Timur Tengah Memanas, Ekonom BRIN Ingatkan Efek Rambatan ke Perdagangan Indonesia
JAKARTA, investortrust.id - Kepala Pusat Riset Ekonomi Makro dan Keuangan Badan Riset dan Inovasi Nasional (BRIN) Zamroni Salim menjelaskan serangan Iran ke Israel memunculkan risiko perdagangan global. Ini karena serangan Iran ke Israel akan memicu respons dari sekutu Israel, yaitu Amerika Serikat (AS).
"Dan Amerika Serikat juga sudah siap dengan pasukannya di Timur Tengah," kata Zamroni, kepada investortrust.id, di Jakarta, Rabu (2/10/2024).
Zamroni mengatakan jika eskalasi perang membesar, kondisi ini dapat berdampak ke arus perdagangan global. Kondisi ini, kata dia, juga berdampak pada kestabilan makroekonomi global.
"Dan ini tentu saja merugikan banyak pihak. Tidak hanya antara yang negara berkonflik, tentu saja Israel dan Iran akan terkena dampaknya," ujar dia.
Baca Juga
Bagi Indonesia, kata Zamroni, serangan Iran ke Israel akan mengganggu arus perdagangan Indonesia ke wilayah Eropa dan Afrika.
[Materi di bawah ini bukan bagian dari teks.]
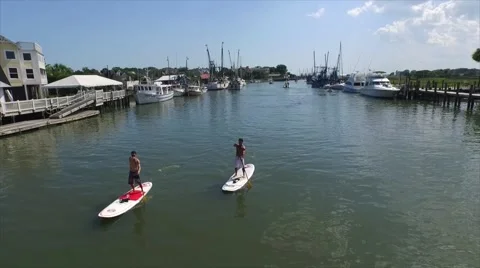 Two Guys Paddle Boarding Stock Footage 56873357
"Tidak hanya ekspor tapi juga impor, itu akan terganggu. Jadi secara tidak langsung serangan Iran ke Israel kemarin akan memberikan dampak. Bisa terlihat nanti sekitar 1 bulan atau 2 bulan ke depan," ujar dia.
Zamroni menyebut salah satu komoditas yang akan terdampak secara langsung dari konflik ini yaitu minyak. "Komoditas minyak itu adalah dari komoditas yang paling terkena dampaknya secara langsung," ujar dia.
Baca Juga
Selain perdagangan, Zamroni juga melihat potensi konflik di Timur Tengah dapat merembet ke nilai tukar. Meski demikian, tekanan terhadap Mata Uang Garuda dapat dihambat jika AS tak ikut serta menambah keruhnya perang.
"Dampaknya itu mungkin bisa diminimalisir ketika eskalasi konflik perang itu tidak berlanjut. Dalam arti Amerika tidak ikut menambah keruhnya peperangan. Jadi dalam hal ini nilai tukar Rupiah masih bisa di kisaran Rp 15.000-an. Rp 15.200-an hingga Rp 15.300-an," ujar dia.